The Stellars Jays (not pictured here) are very partial to the Nepenthe french fries.  The fries come in a basket.  The jays will walk right up and take a fry from the basket and fly away with it.  They fly with fries...hmmm.

Saturday, November 27, 2010

Weaving with cotton singles

I was excited to get to my loom today as I was going to begin weaving a scarf with my cotton singles spun on my book charkha.  This is natural coloured cotton, not sure of the source.  I got it from KBN.

Yesterday I wound a little warp, only six inches wide and long enough for two scarves, from 2/8 bamboo.  This is not the weight system I am used to for bamboo. Jane Stafford, one of my weaving gurus, lists her Bambu yarn in 7 gauge and 12 gauge.  But I got this from Knotty By Nature (KBN) in Victoria, BC and it is tagged as 2/8.  One more weaving mystery...

By the way, when I looked up Jane's site I found that she is now stocking variagated bamboo in both gauges - very tempting!

Anyway, the lovely woman from KBN said she had used this yarn for the warp when she wove her first scarves with her charkha spun singles, so I got some in two colours.

To get back on track:  I threaded a 4,3,2,1 plain weave on my 4 shaft Baby Wolf and sleyed it at 16 epi.  I am a bad girl who does not always sample.  I chose 16 epi because I wanted a fairly open sett and found 15-22 as a recommended sett for 2/8 cotton.  My first scarf will be my sample (bad weaver; slap those hands!)

So, this morning I was ready to start.  I had already spread the warp with some cotton yarn.  I had decided that I would have fringe with the bamboo warp.  I did not want to try hemstitching with my cotton singles, so wove a pic of bamboo, a pic of cotton and another pic of bamboo.  Then I was ready to hemstitch.  Oh heck!  I forgot to bring an embroidery needle. 

I pawed through the little sewing kit I had made up for Bruce and took the needle with the largest eye.  I was able to thread the bamboo using a needle threader.  Being careful not to split threads with the sharp point of the needle, I did the hemstitching.  Here is a picture of the needle and hemstitching.  Doesn't the colour of the bamboo and the cotton match nicely?

And here is a picture of the lovely shuttle, also from KBN, designed to hold the spindles from the charkha.  I love it!  No steps in between spinning and weaving!

The weaving is slow but steady.  I don't want to beat too hard and I need to angle the weft as I lay it in.  Also, the singles wants to twist a bit.  But I am thrilled with the look of the weaving and that the cotton is holding together (so far - don't want to jinx things).  Here it is after a bit more weaving.

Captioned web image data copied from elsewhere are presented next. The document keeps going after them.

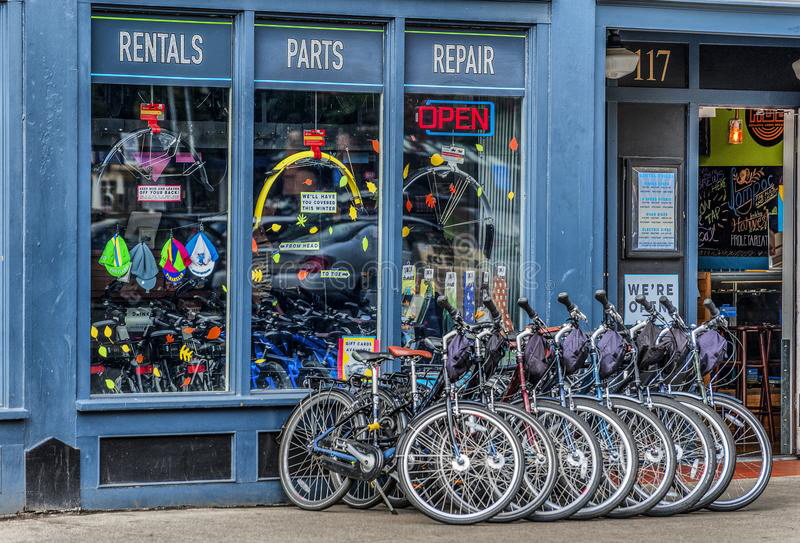 Bicycle Store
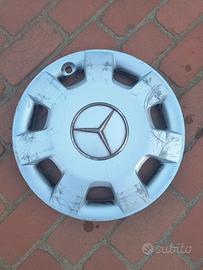 Copricerchio Borchia per cerchio Mercedes 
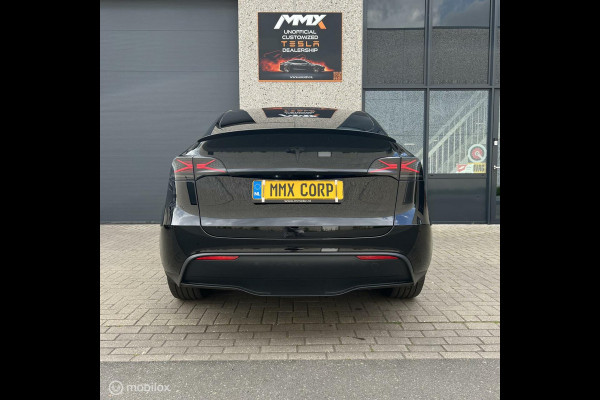 Tesla Model Y RWD 2023 X-TREME ACHTERLICHT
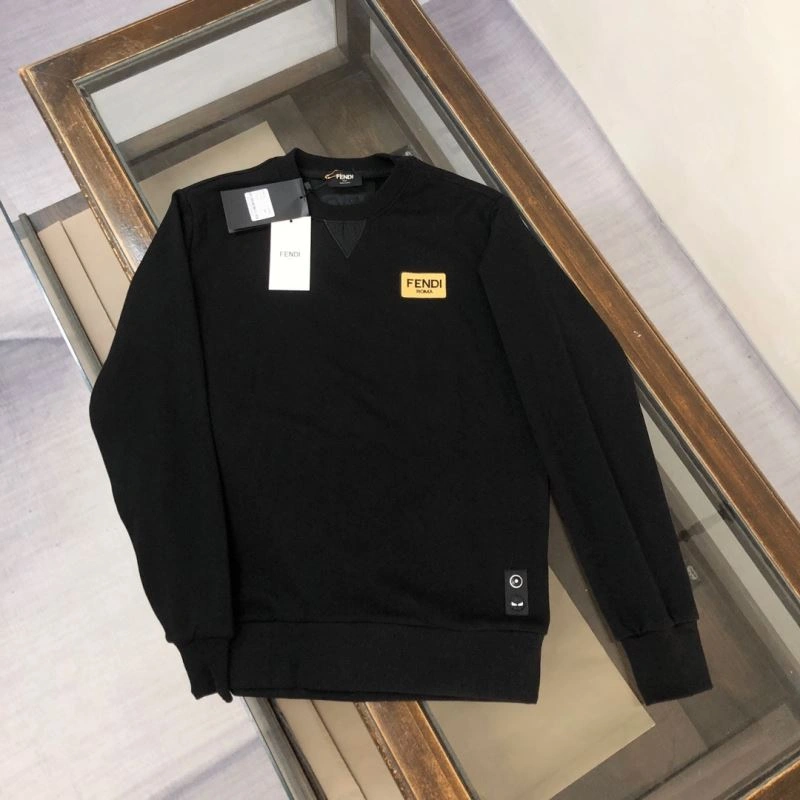 Sustainable Fendi Hoodies 123334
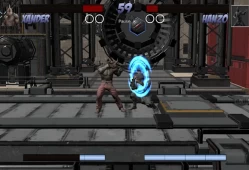 switch游戏《疯狂残酷的战斗 Madness Brutal Fighting》英文版nsp下载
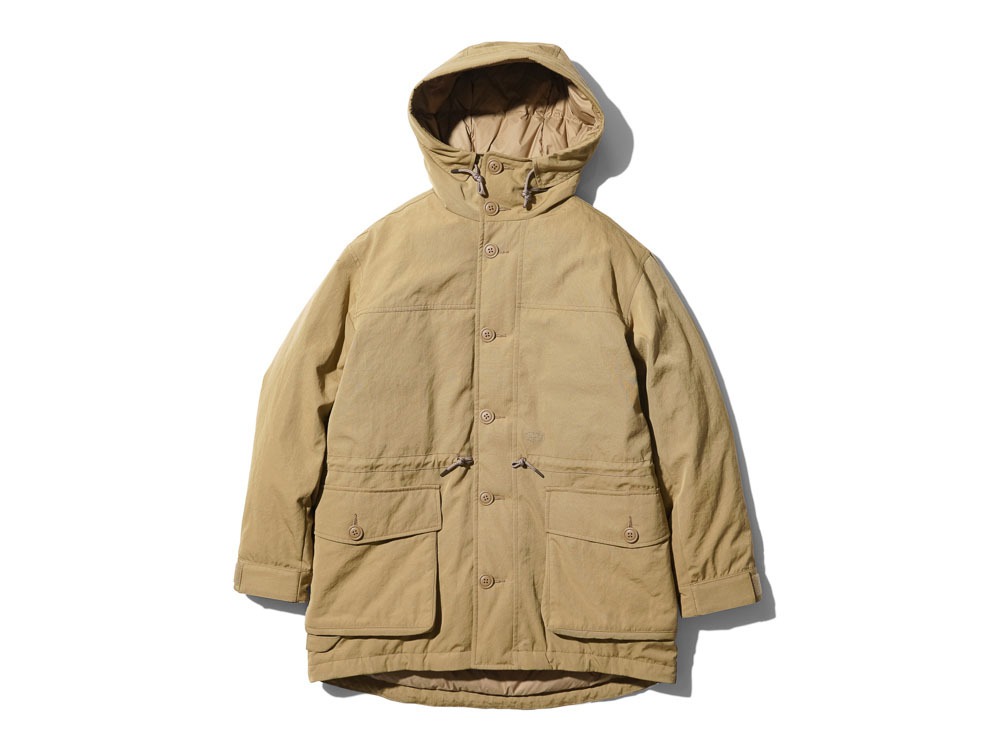 GORE WINDSTOPPER Warm Jacket 1 Grey(JK-23AU00300GY) | ダウンの通販 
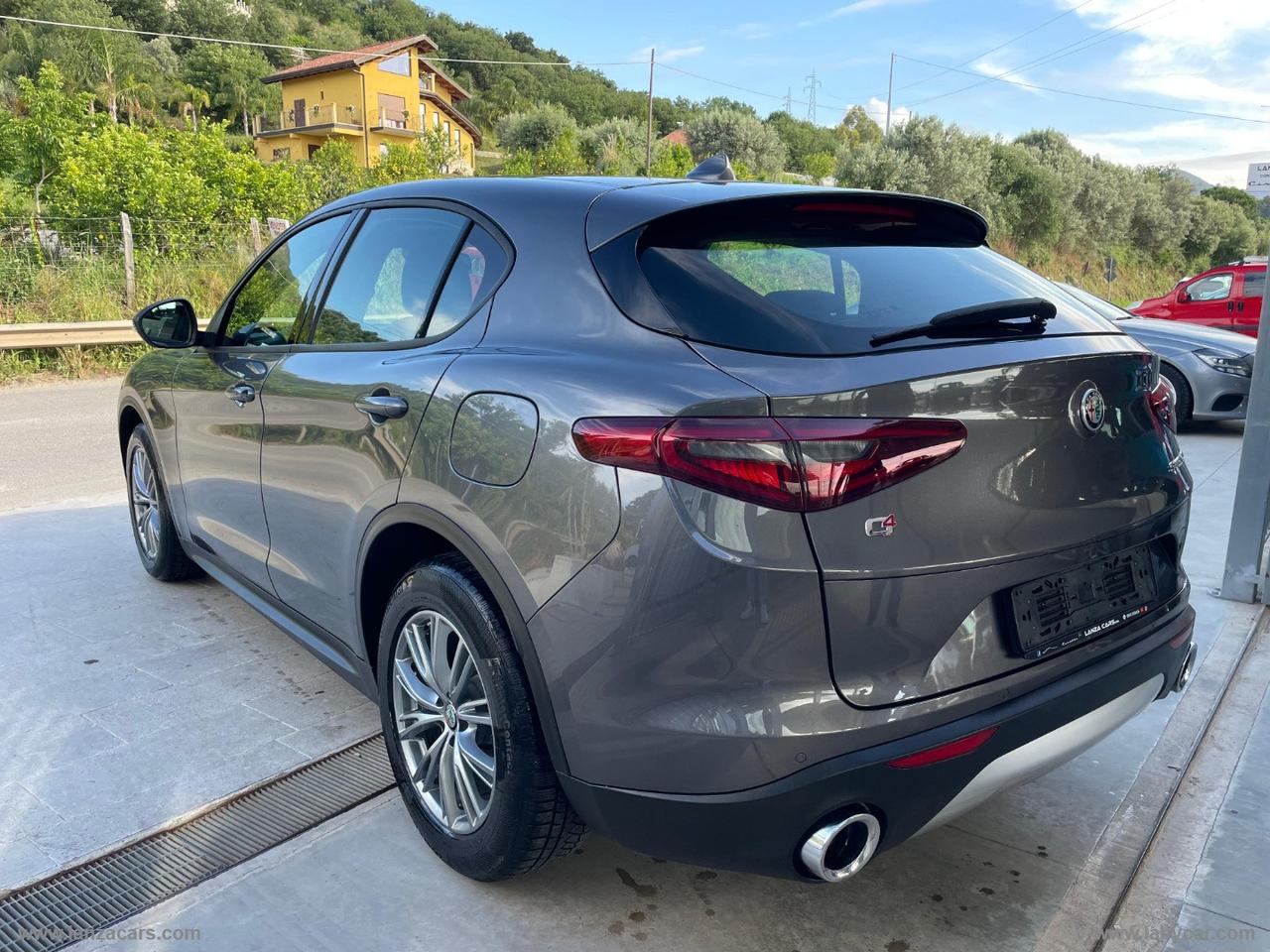 ALFA ROMEO Stelvio 2.2 T.diesel 190CV AT8 RWD Bus.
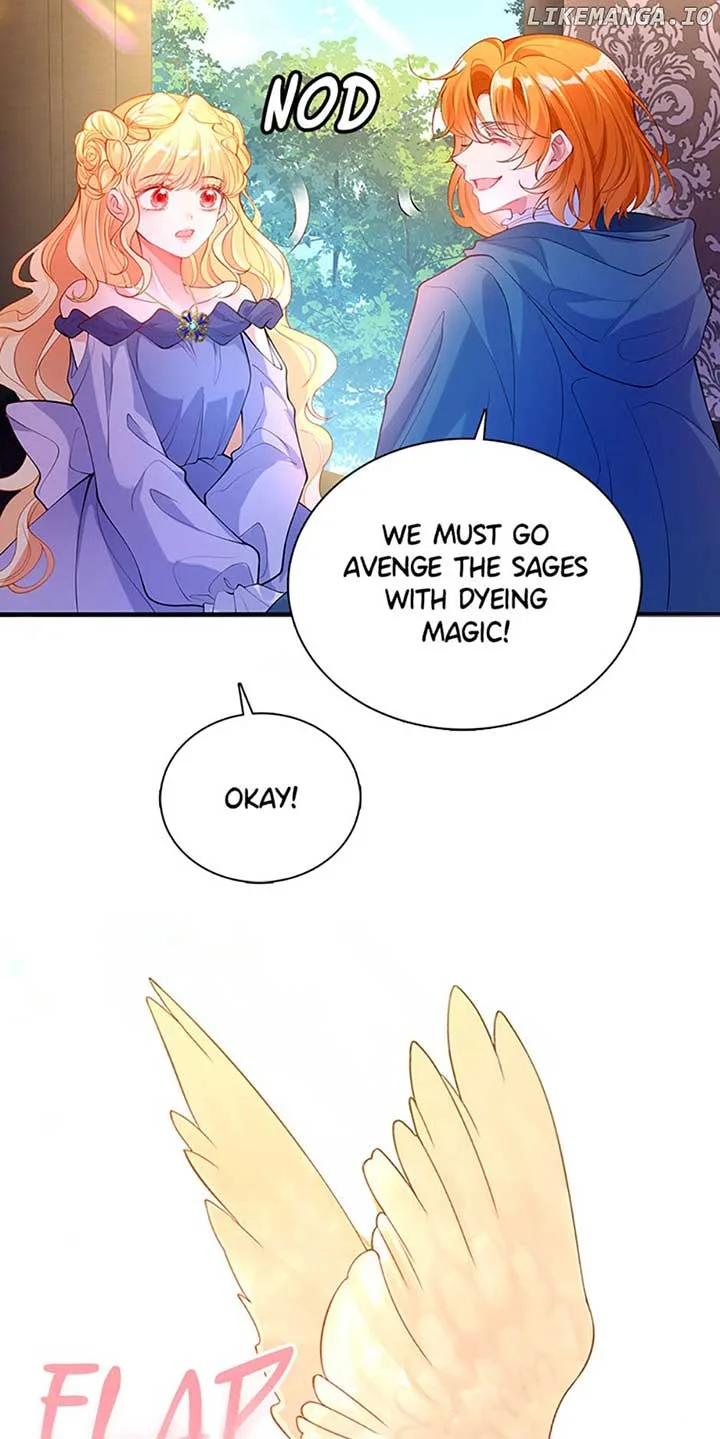The Adopted Daughter Saves the World Chapter 26 page 39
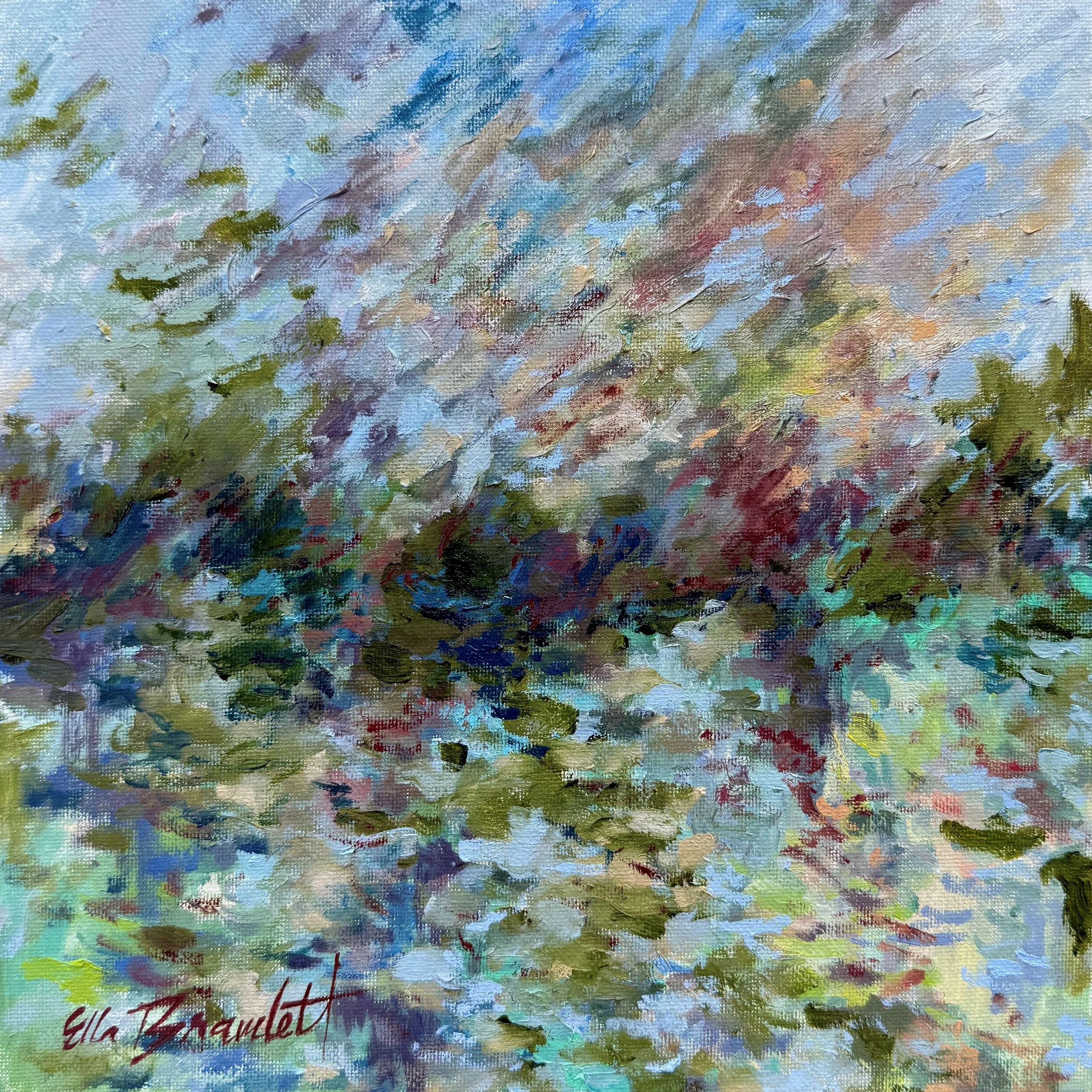 ELLA BRAMLETT  - Fire Sky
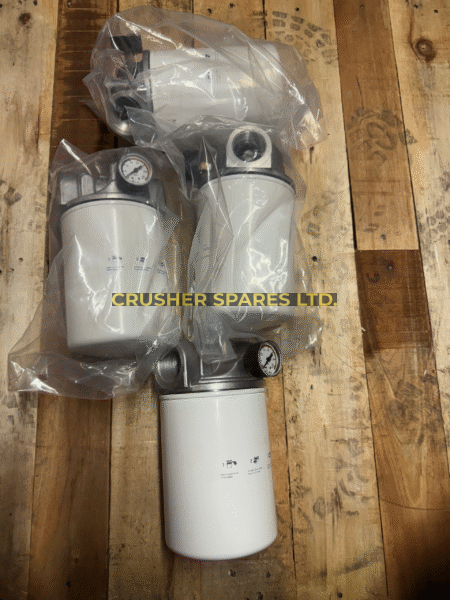 Article 63 | Filtre à huile | Kue-Ken / Brown-Lenox |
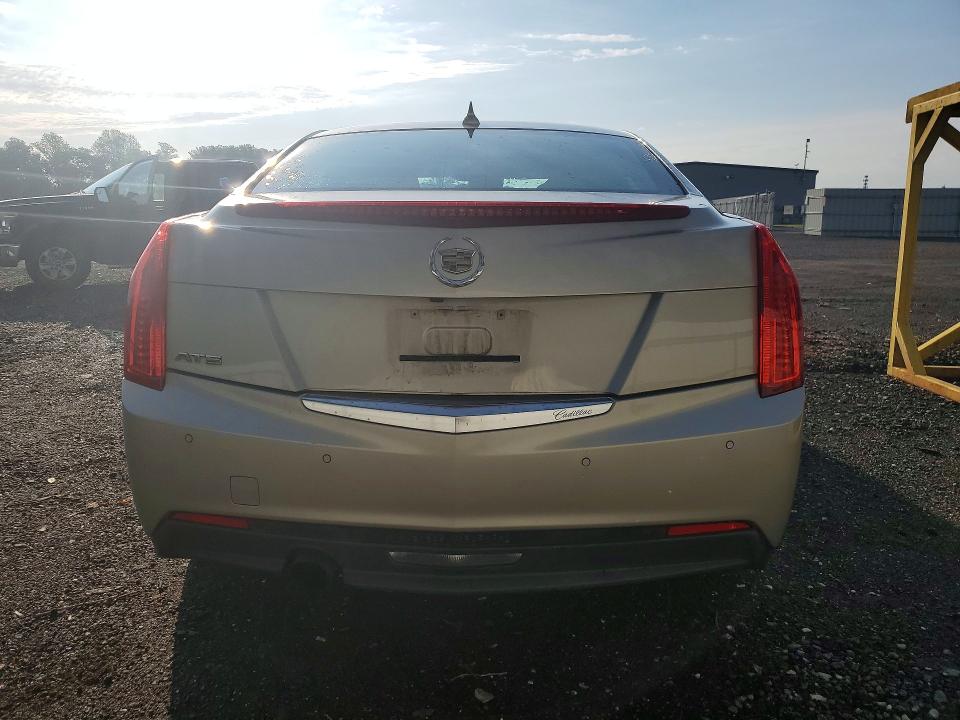 Продажа на аукционе авто 2014 Cadillac Ats, vin: 1G6AB5SA0E0159029, номер лота: 61914676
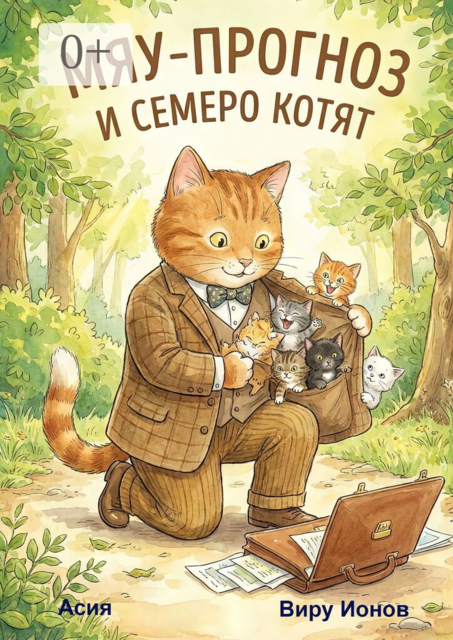 Мяу-прогноз и семеро котят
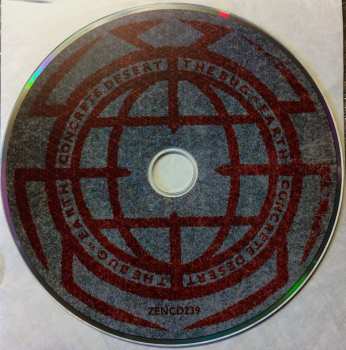 CD Earth: Concrete Desert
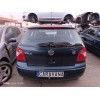 volkswagen polo (9n1) del año 2002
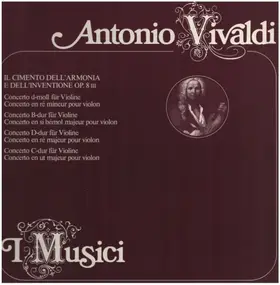 Vivaldi - Il Cemento dell'Armonia e dell' Inventione op. 8 III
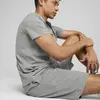 Puma ESS Shorts Gri Erkek Şort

I used a shoelace that Bruce didn't want to lash the warp on, but don't think I did it right.  It is working, so I won't question it too much now.  Will look up someone else's blog for a review before doing it again.  Now I need to get back to weaving.

Frost - that's all!

While my friends on Vancouver Island are "enjoying" snow, we are having cold weather for California.  The highs have been in the 50's F, but most days the sun warms us up more than one would expect.  Today we have quite a bit of wind, which is very common in this valley.  I came scurrying back from a very short walk with Daphne because I was so cold.  The wind made it seem much colder and I had no gloves on.

It is mostly cloudy with brief light showers, so the sun is not as helpful as usual.  Here is a frosty roof from a few days ago.
Nothing compared to snow!

Saturday, November 20, 2010

Spinning on a charkha

For my birthday this year, I told Bruce that I wanted a charkha.  He said "A what?"  I explained that a book charkha is what is used to spin cotton in India, and that it was developed for Mahatma Gandhi.

This description of the charkha is from Mark Shepard's website:

"Charkha, literally meaning “wheel,” is India’s generic term for any spinning wheel or hand-cranked spinning machine. The type of charkha available in the U.S. is more strictly identified as the box charkha. The various models of box charkha have been designed and then manufactured by Gandhi’s co-workers and followers as part of his “khadi movement,” to promote self-sufficiency in cloth-making. The double-wheel drive, which allows greater speed and control as well as portability, is Gandhi’s own innovation.
The box charkha is commonly available in two sizes: “briefcase” and “book.” The smaller book charkha is more portable but tricker to adjust and use, so the briefcase charkha is usually the best first choice."

I did find the book charkha a bit difficult to set up, even though I had guidance from Eileen Hallman's DVD Spinning Cotton on the Charkha.  However, I am getting the hang of it. 

Here is a closeup of the charkha in action.  As you can see, it has two drive wheels.  I think this is what gives it such a high ratio.

And here I am spinning. 
Notice the orange furry object behind me?  That's Daphne.  She has always seemed to respect my spinning and weaving as important work.  She just settles down nearby.  She does not feel the same about knitting (maybe because I am sitting on the couch).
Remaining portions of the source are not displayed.